Question
Silven Industries, which manufactures and sells a highly successful line of summer lotions and insect repellents, has decided to diversify in order to stabilize sales
Silven Industries, which manufactures and sells a highly successful line of summer lotions and insect repellents, has decided to diversify in order to stabilize sales throughout the year. A natural area for the company to consider is the production of winter lotions and creams to prevent dry and chapped skin. After considerable research, a winter products line has been developed. However, Silvens president has decided to introduce only one of the new products for this coming winter. If the product is a success, further expansion in future years will be initiated. The product selected (called Chap-Off) is a lip balm that will be sold in a lipstick-type tube. The product will be sold to wholesalers in boxes of 24 tubes for $8 per box. Because of excess capacity, no additional fixed manufacturing overhead costs will be incurred to produce the product. However, a $90,000 charge for fixed manufacturing overhead will be absorbed by the product under the companys absorption costing system. Using the estimated sales and production of 100,000 boxes of Chap-Off, the Accounting Department has developed the following cost per box: Direct materials $ 3.60 Direct labor 2.00 Manufacturing overhead 1.40 Total cost $ 7.00 The costs above include costs for producing both the lip balm and the tube that contains it. As an alternative to making the tubes, Silven has approached a supplier to discuss the possibility of purchasing the tubes for Chap-Off. The purchase price of the empty tubes from the supplier would be $1.35 per box of 24 tubes. If Silven Industries accepts the purchase proposal, direct labor and variable manufacturing overhead costs per box of Chap-Off would be reduced by 10% and direct materials costs would be reduced by 25%.
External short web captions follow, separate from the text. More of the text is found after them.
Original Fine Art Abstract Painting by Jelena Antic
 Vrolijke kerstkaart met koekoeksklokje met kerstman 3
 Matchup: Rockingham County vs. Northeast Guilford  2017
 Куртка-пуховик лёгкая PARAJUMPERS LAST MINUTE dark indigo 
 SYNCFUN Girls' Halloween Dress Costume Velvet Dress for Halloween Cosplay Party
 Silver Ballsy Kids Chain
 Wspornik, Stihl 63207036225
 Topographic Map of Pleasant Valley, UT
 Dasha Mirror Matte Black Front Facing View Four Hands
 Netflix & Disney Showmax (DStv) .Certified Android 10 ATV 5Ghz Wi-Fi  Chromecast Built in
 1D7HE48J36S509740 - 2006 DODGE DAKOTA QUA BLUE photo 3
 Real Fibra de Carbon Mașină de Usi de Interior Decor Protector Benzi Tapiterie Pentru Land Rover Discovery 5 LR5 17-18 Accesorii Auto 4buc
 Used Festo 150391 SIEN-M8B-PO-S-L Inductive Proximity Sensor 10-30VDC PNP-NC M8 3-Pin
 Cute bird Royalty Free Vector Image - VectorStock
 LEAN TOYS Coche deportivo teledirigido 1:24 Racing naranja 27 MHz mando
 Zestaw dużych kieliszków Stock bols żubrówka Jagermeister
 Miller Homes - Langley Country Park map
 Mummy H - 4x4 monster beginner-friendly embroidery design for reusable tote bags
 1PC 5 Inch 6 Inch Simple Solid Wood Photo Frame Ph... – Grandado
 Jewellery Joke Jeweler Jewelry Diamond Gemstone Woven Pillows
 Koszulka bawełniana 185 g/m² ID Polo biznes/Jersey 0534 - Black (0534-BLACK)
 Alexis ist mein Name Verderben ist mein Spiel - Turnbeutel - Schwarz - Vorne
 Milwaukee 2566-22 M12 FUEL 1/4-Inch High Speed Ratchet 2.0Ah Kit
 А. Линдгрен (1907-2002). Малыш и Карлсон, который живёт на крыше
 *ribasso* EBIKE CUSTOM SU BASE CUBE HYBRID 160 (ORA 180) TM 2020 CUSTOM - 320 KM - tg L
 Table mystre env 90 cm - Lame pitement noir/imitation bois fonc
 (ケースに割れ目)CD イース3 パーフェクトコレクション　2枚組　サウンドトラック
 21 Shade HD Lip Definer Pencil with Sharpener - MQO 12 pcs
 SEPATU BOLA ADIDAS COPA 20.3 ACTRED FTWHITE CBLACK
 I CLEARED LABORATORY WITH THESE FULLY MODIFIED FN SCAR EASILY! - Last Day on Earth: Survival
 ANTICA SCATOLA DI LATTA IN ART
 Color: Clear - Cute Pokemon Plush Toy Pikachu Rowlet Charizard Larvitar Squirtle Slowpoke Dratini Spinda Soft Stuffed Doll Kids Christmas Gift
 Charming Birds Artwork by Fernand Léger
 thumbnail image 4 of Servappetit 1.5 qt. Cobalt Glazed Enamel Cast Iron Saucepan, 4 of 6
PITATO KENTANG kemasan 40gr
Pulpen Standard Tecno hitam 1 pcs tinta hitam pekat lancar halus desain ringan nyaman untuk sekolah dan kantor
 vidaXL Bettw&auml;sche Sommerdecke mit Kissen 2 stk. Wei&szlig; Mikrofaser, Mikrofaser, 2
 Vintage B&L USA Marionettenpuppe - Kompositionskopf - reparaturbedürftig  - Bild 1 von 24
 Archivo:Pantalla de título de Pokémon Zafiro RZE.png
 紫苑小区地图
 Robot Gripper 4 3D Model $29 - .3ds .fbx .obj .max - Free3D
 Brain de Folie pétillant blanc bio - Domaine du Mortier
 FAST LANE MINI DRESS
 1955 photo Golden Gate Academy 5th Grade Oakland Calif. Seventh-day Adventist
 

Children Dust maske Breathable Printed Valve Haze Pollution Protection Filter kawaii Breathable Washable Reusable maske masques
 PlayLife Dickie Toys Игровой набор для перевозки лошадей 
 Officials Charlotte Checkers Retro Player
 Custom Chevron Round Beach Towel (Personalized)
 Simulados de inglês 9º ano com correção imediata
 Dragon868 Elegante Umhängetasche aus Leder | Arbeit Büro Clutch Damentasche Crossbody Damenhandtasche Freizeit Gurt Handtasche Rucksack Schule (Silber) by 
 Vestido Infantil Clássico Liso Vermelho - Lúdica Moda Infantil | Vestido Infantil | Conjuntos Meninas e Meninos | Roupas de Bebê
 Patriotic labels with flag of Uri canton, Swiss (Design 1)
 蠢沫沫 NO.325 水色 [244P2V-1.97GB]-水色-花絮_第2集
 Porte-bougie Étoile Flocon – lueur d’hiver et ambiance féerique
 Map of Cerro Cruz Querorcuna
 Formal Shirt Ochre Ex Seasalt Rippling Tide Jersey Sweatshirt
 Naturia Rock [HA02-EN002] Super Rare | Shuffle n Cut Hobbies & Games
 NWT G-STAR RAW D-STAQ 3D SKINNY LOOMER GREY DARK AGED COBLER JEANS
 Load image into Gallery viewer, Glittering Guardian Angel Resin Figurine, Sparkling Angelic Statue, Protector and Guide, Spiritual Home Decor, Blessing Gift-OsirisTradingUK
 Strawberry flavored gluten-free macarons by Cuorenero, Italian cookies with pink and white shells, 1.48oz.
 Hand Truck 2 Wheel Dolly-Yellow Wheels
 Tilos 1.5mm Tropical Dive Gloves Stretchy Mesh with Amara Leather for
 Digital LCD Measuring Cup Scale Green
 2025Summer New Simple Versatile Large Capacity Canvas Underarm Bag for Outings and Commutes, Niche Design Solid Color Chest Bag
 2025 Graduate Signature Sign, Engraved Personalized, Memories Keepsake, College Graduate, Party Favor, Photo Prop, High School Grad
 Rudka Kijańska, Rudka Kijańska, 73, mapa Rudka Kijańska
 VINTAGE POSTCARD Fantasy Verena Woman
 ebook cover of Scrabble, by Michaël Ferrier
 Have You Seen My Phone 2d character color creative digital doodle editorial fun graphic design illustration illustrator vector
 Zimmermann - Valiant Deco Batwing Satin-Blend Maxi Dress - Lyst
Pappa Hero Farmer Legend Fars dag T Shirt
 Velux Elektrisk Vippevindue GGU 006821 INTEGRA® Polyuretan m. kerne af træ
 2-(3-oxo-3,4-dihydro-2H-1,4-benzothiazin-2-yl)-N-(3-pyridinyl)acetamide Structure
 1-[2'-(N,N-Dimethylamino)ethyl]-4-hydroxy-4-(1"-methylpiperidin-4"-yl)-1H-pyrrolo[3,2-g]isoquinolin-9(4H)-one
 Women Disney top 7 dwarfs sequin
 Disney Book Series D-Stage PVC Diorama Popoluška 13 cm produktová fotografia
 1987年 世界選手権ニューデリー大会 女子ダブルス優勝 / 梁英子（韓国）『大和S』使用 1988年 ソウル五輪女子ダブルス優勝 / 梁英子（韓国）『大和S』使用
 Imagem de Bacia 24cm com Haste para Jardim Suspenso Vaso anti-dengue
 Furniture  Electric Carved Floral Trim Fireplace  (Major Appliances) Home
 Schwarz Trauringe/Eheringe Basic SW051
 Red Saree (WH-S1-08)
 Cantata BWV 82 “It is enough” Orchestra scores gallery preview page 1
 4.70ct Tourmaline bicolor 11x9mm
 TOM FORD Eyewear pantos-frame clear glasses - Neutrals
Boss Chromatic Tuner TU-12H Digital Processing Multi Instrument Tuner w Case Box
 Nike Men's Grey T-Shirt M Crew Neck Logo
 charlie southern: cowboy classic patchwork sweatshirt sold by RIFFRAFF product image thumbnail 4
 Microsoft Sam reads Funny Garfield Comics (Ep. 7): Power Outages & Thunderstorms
1. If Silven buys its tubes from the outside supplier, how much of its own Chap-Off manufacturing costs per box will it be able to avoid? (You will need to separate the manufacturing overhead of $1.40 per box that is shown above into its variable and fixe components to derive the correct answer.
2. What is the financial advantage or disadvantage per box of Chap-Off if Silven buys its tubes from the outside supplier?
3. What is the financial advantage or disadvantage in total not per box if Silven buys 100,000 boxes of tubes from the outside supplier?
4.Should Silven Industries make or buy the tubes?
5. What is the maximum price that Silven should be willing to pay the outside supplier for a boxy of the 24 tubes? Explain.
6. Instead of sales of 100,000 boxes, revised estimates show a sales volume of 120,000 boxes.At this higher sales volume, Silven would need to rent extra equipment at a cost of $40,000 per year to make the additional 20,000 boxes of tubes. Assuming that the outside supplier will not accept an order for less than 120,000 boxes of tubes from the outside supplier? Given this new information, should Silven Industries make or buy the tubes?
7. Refer to the data in 6. Assume that the outside supplier will accept an order of any size for the tubes at a price of $1.35 per box. How many boxes of tubes should Silven make? How many boxes of tubes should it buy from the outside supplier?
8. What qualitative factors should Silven Industries consider in determining whether they should make or buy the tubes?